What is needed:
Within the entries below, please return exactly the lines from the one with "Abdeckrahmen MDT VCB-10WS.04" through the one with "Fijian Pm Attends", leaving out any pictures.

Records shown:
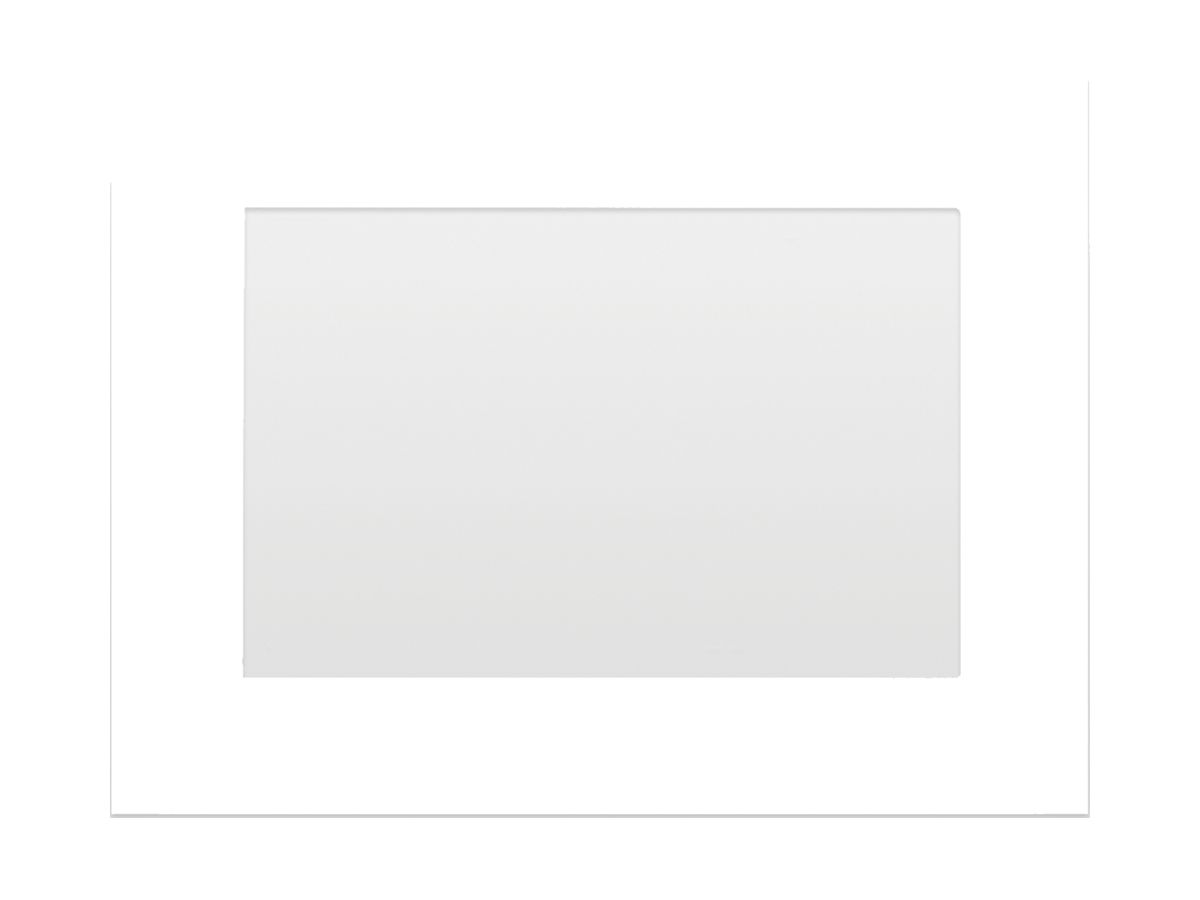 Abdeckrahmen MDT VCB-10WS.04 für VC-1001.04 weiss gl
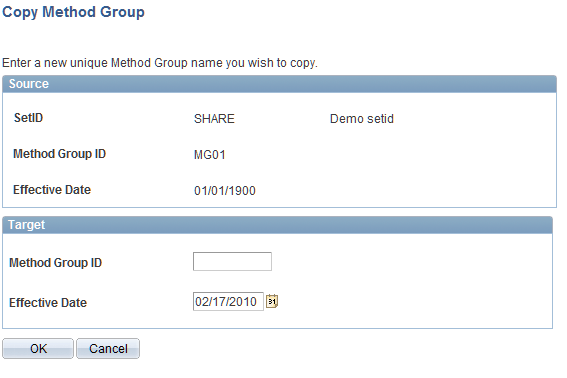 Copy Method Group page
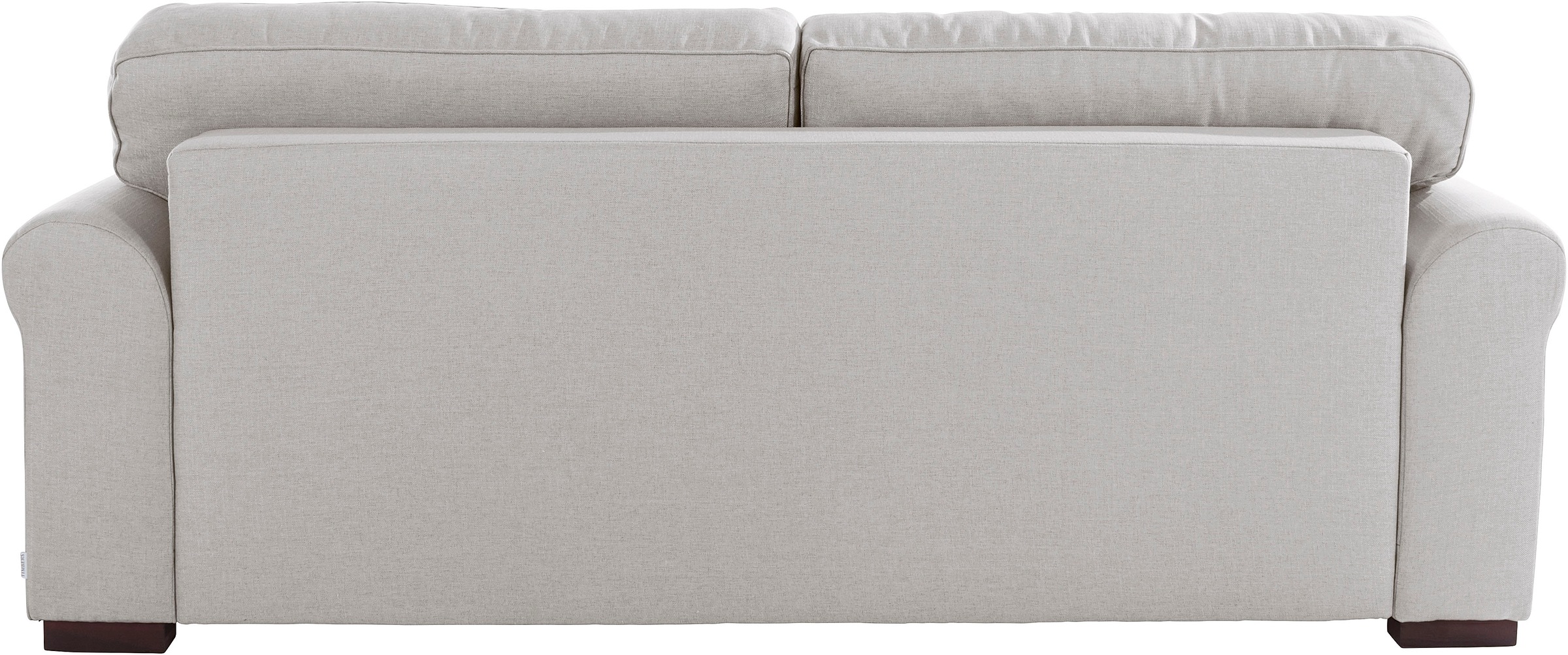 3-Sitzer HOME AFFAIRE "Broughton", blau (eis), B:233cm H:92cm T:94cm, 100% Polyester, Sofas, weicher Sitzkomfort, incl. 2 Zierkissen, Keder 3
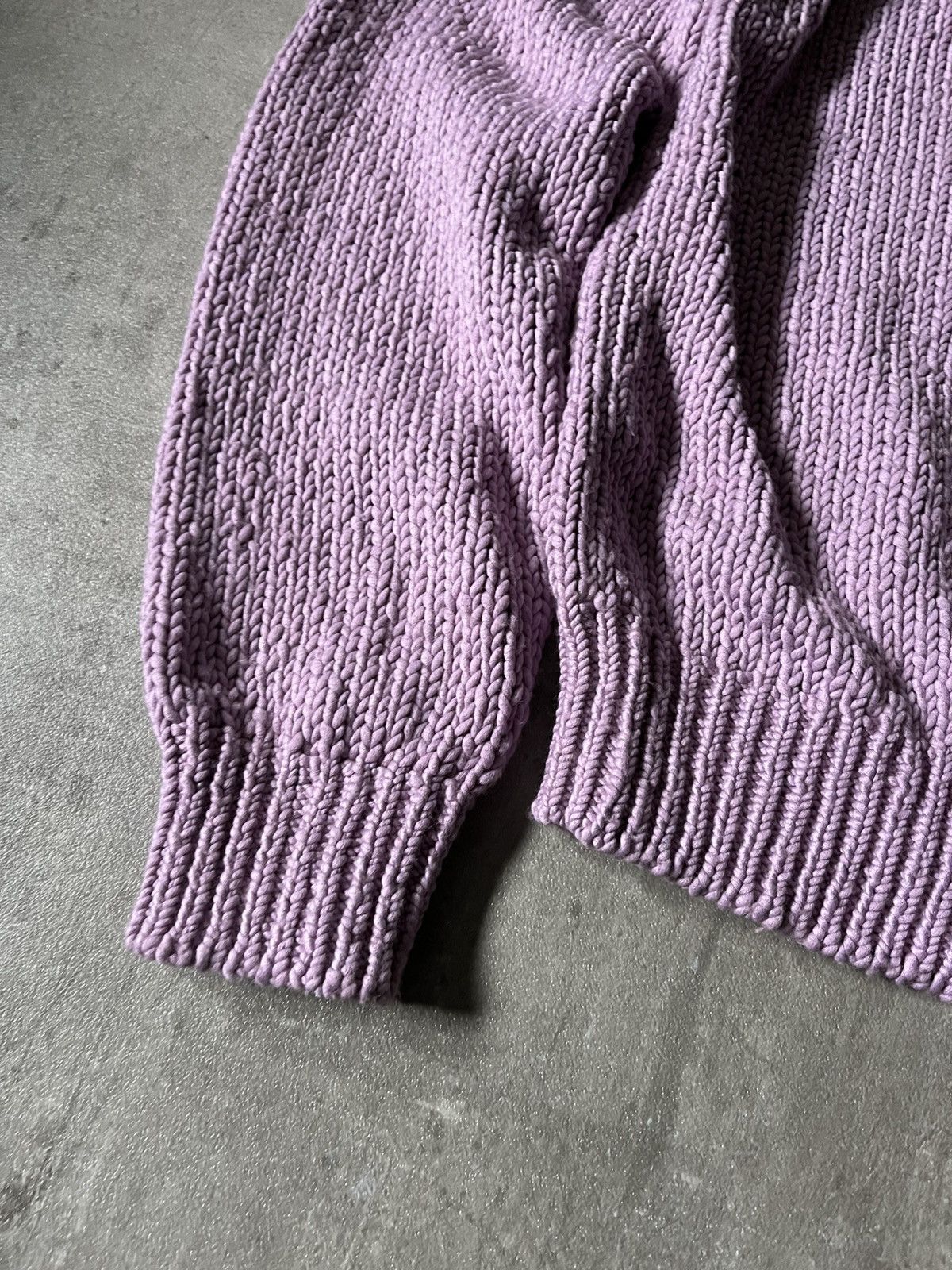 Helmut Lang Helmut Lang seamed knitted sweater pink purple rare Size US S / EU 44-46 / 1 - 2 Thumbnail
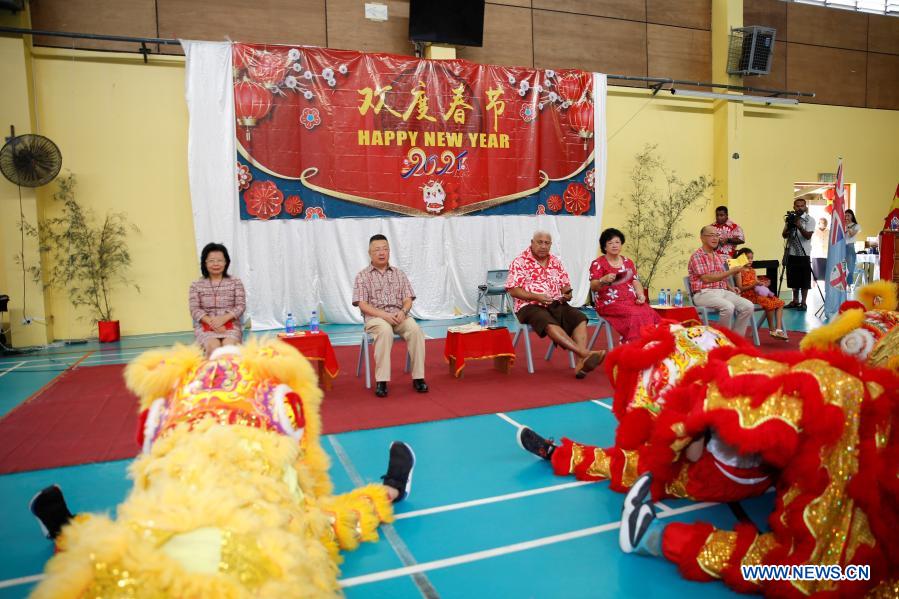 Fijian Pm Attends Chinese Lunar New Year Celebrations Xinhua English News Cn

...

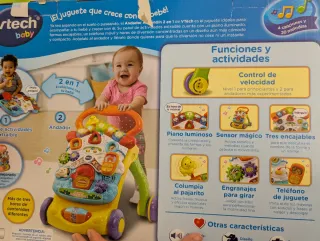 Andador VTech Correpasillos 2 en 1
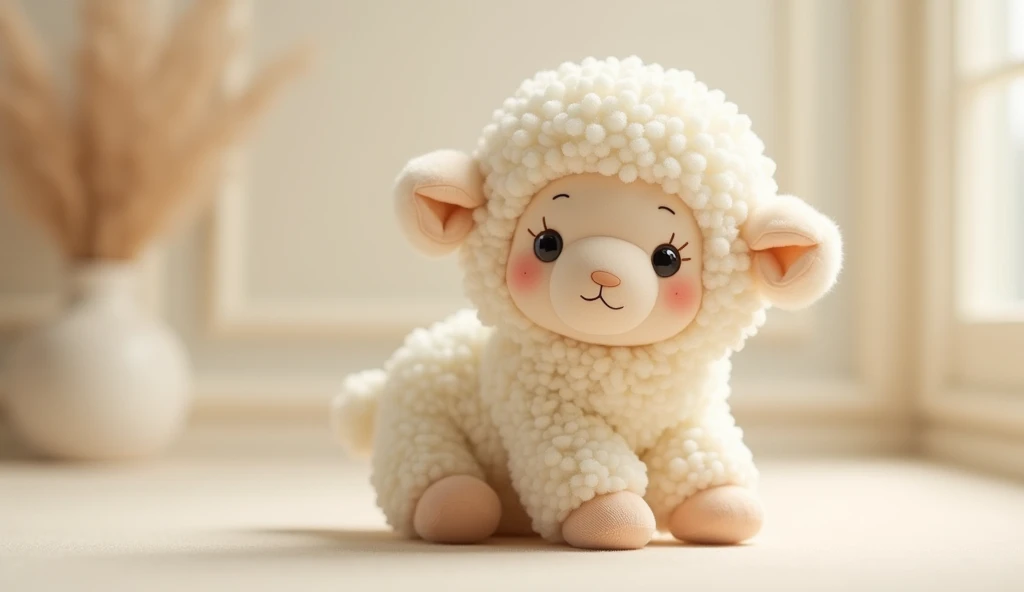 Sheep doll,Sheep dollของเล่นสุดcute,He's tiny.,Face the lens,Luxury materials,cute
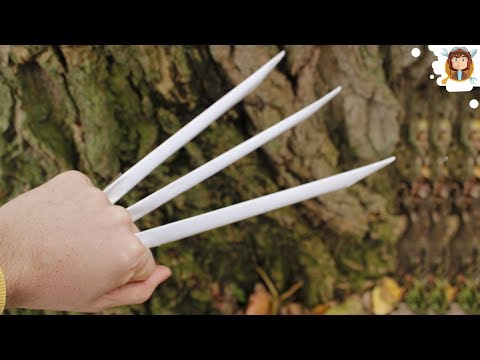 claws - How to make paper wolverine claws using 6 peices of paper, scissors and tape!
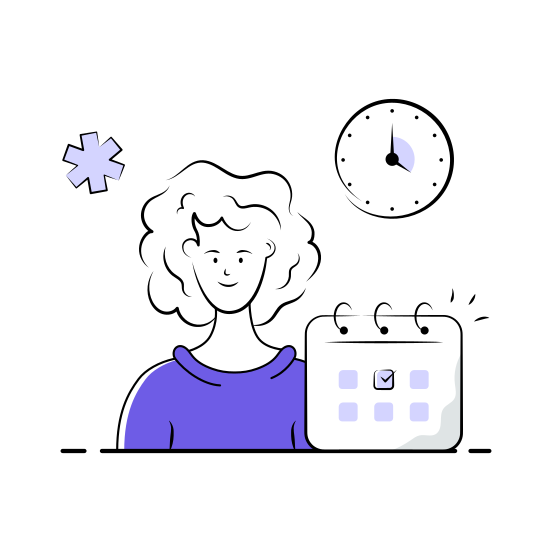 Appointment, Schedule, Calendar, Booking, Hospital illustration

--

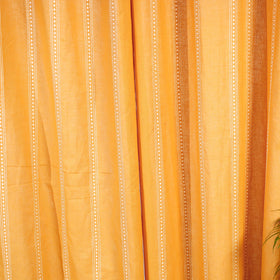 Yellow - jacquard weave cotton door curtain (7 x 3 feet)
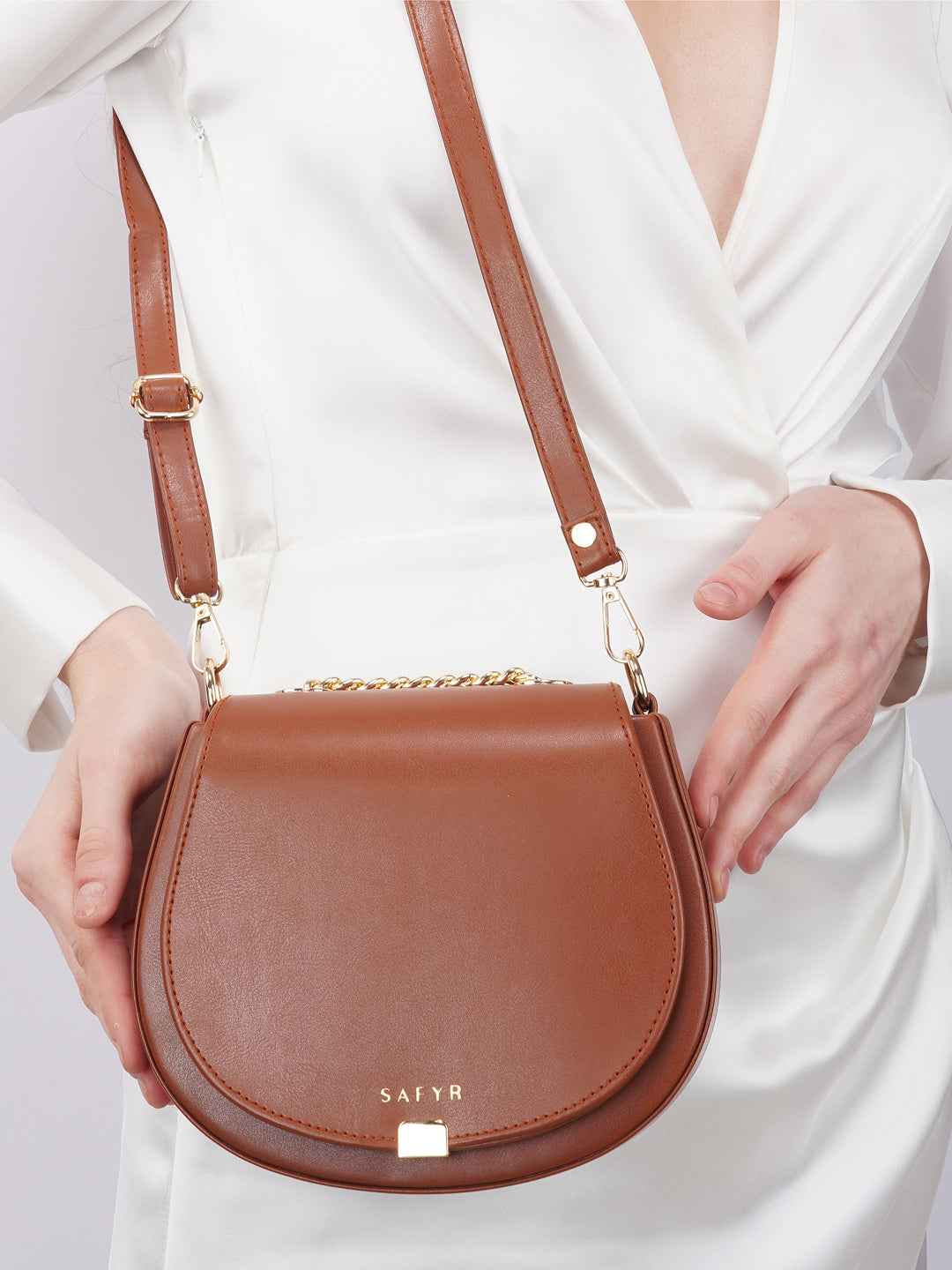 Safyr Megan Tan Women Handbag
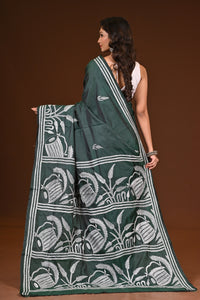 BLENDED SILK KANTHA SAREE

Answer:
 Abdeckrahmen MDT VCB-10WS.04 für VC-1001.04 weiss gl
 Copy Method Group page
 3-Sitzer HOME AFFAIRE "Broughton", blau (eis), B:233cm H:92cm T:94cm, 100% Polyester, Sofas, weicher Sitzkomfort, incl. 2 Zierkissen, Keder 3
 Helmut Lang Helmut Lang seamed knitted sweater pink purple rare Size US S / EU 44-46 / 1 - 2 Thumbnail
 Fijian Pm Attends Chinese Lunar New Year Celebrations Xinhua English News Cn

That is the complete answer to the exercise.